While still very contagious, there are signs the coronavirus is mutating and becoming less deadly. Israeli scientists are working to prove that is truly the case.
By Yakir Benzion, United With Israel
Israel’s Health Ministry is checking to confirm indications that the coronavirus is mutating and getting weaker, Times of Israel reported Thursday.
The research is based on claims like that of Italian doctor Prof. Matteo Bassetti, who told the Sunday Telegraph that the power of the coronavirus has gone down from being like “an aggressive tiger in March and April” to being more like “a wild cat.”
Bassetti is the head of infectious diseases at San Martino General Hospital in Genoa. He noted that many patients in their 80s were now recovering to the point that they can sit up in bed and breathe without a ventilator, whereas in the earlier days of the pandemic they would have died.
The ministry is having Israeli researchers compare dozens of recent coronavirus samples with those taken from patients in March to see if COVID-19 is becoming less aggressive.
“The hypothesis is that the virus has attenuated, which means it’s become less virulent, and there may be a genetic signal that shows this,” Tel Aviv University evolutionary virologist Adi Stern told Times of Israel.
If found to be true, it would explain why fewer coronavirus patients in Israel are seriously ill, despite the recent surge in the infection rate, Stern said, adding that a less-potent coronavirus means governments and health authorities could plan accordingly as the pandemic plays out.
The analysis will take several more weeks to get results, but World Health Organization (WHO) official Michael Ryan warned earlier this month that “this is still a killer virus” and nobody should get the idea that coronavirus suddenly became less deadly.
But Dr.
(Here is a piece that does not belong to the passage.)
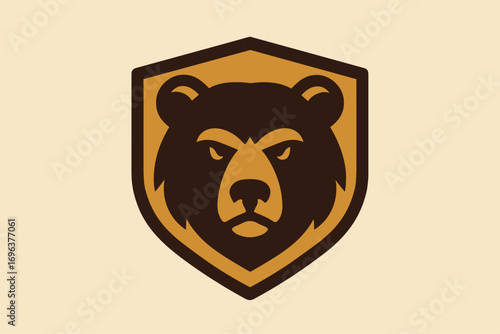 Bear head emblem on a shield with a stern expression.
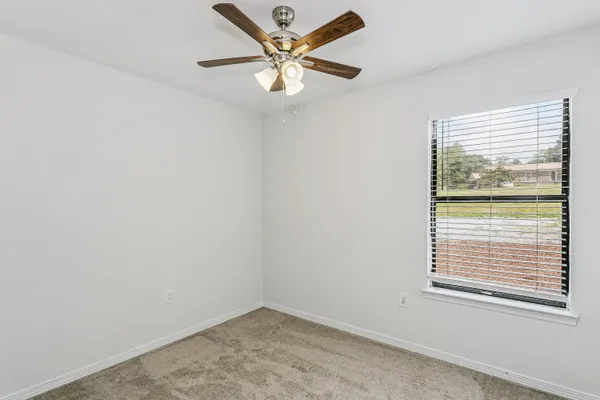 an empty room with a window and a fan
David Greenberg, head of pediatrics and the pediatric infectious diseases unit at Soroka University Medical Center in Beersheba, disagrees with the WHO assessment, saying there is sound logic as to why a virus may undergo a softening.
”It [COVID-10] seems to adapt to the human being and doesn’t want to kill the hosts but live on in them and flourish. We can see it all over the world, not just in Israel,” said Greenberg.
He says mutation appears to be the reason fewer older people are becoming deathly ill compared to the situation during the early stages of the pandemic, with many elderly still being infected but showing few or no symptoms.
Dr. Stern says her investigation should help confirm whether or not mutation is a key factor or if improved health practices since the beginning of the crisis have helped improve outcomes.
“A lot of the models that are trying to predict the virus spread, such as how many people with the disease will need hospitalization and ventilation, based on what we’ve seen so far,” Stern said. “If the virus is becoming less virulent, this is important to understand.”